ALQURAN memiliki posisi yang amat
vital dan terhormat dalam masyarakat muslim di seluruh dunia. Di samping
sebagai sumber hukum,pedoman moral,bimbingan ibadah dan doktrin
keimanan,Alquran juga merupakan sumber peradaban yang bersifat historis dan
universal.
Dari enam rukun iman yang
diyakini umat Islam,ada dua yang tidak gaib, yaitu sosok Nabi Muhammad sebagai
sosok historis dan kitab suci Alquran yang bisa kita baca dan kaji
kandungannya. Sosok Nabi Muhammad pun bisa disebut gaib dalam pengertian kita
tidak hidup sezaman dan hanya mampu membaca dan memahami sebagian kecil saja
dari keseluruhan riwayat hidupnya.
Dengan demikian, pintu gerbang
yang terbuka untuk mendalami ajaran Allah adalah melalui kitab suci Alquran.
Namun,kita pun sadar bahwa pesan Allah yang terkandung dalam Alquran yang
sedemikian luas dan dalam tidak mungkin kita kuasai sepenuhnya hingga tuntas.
Mungkin itulah sebabnya sejak
awal mula diwahyukan kepada Rasulullah Muhammad sampai hari ini, berbagai ulama
tafsir selalu bermunculan dan berbagai buku yang diinspirasi oleh ayat-ayat
Alquran senantiasa terbit.
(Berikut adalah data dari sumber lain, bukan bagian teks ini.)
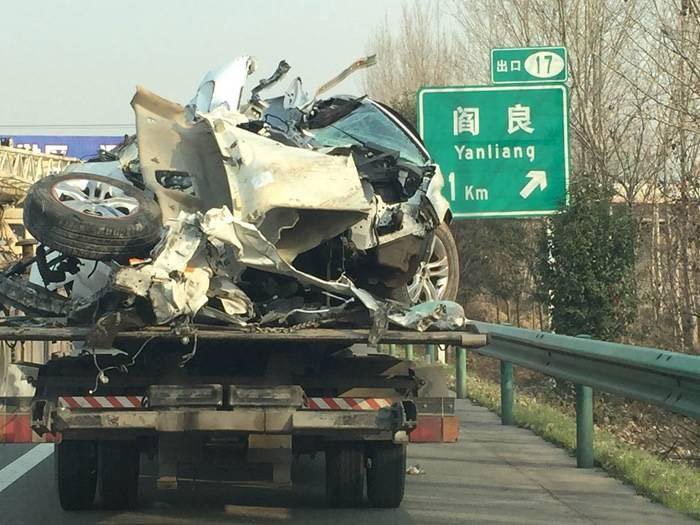 西禹高速阎良段产生一路追尾交通变乱 2人殒命4人受伤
Tidak ada sebuah teks yang melahirkan teks-teks lain
yang tak terhitung jumlahnya, kecuali teks suci Alquran.
Yang juga sangat menarik
direnungkan, begitu kita membuka dan membaca teks suci Alquran,Alquran sendiri
menyuruh pembacanya untuk mengaitkan pesan dirinya dengan teks-teks kauniyah,
yaitu wahyu Tuhan yang terhampar dalam jagat semesta. Tidak hanya ayat semesta,
Alquran juga menyuruh kita mengintegrasikan pesannya dengan ayat-ayat nafsiyah
dan tarikhiyah, yaitu hukum Allah (sunatullah) yang tertulis dalam diri manusia
dan dalam hukum sejarah.
Dengan demikian, terjadi hubungan
dialektik dan saling menafsirkan antara wahyu yang tertulis dalam mushaf
Alquran (ayat kitabiyah) dan ayat yang terhampar dalam jagat semesta (ayat
kauniyah) dan wahyu tertulis dalam diri manusia (ayat nafsiyah) serta wahyu
yang bekerja melalui hukum sejarah (ayat ijtima’iyah- tarikhiyah).Peradaban
Islam akan tumbuh dan berdiri kokoh manakala mampu mengintegrasikan keempat
pilar ini.
Sejak awal mula diwahyukan,
Alquran sangat menekankanbetapavitalnya mengubah pola berpikir bangsa Arab kala
itu yang hidup dalam budaya iliterasi (ummy) agar mendayagunakan nalar untuk
melakukan riset, membaca jejak-jejak kebesaran-Nya yang terhampar di alam
semesta. Research terdiri atas dua kata: re-search, artinya selalu berusaha
menggali dan menggali lagi serta memperluas untuk menembus batas capaian ilmu
yang diraih hari ini karena sesungguhnya ilmu Allah itu tak terbatas.
Kehadiran sosok Muhammad
Rasulullah dan Alquran telah mengubah orientasi cara berpikir masyarakat Arab
yang kala itu sangat ”kabilahisme sentris” menjadi berpikir kosmopolit.Tradisi
dan energi saling berperang antarsuku diubah menjadi kekuatan konvergen lalu diarahkan
untuk membangun peradaban baru yang bersifat kosmopolit, melewati batas etnis
dan teritori primordial mereka.
Karenanya, pusat-pusat peradaban
Islam bermunculan di berbagai wilayah di luar Makkah-Madinah, tempat Alquran
diwahyukan. Semua ini terjadi karena kehadiran Alquran mampu mengubah mindset
mereka. Pranata dan wibawa hukum ditegakkan sehingga muncul masyarakat Madinah,
sebuah kata konseptual-idiomatik yang mengacu pada supremasi hukum di atas
kekuatan individu dan suku.
Dengan demikian,kata Madinah juga
mengandung makna contractual society dan civilized society. Meskipun Rasulullah
Muhammad memegang kepemimpinan tertinggi dan absolut,namun beliau meletakkan
dasar-dasar masyarakat partisipatif-kontraktual yang pada abad modern menjadi
preferensi dan arus utama pemikiran politik.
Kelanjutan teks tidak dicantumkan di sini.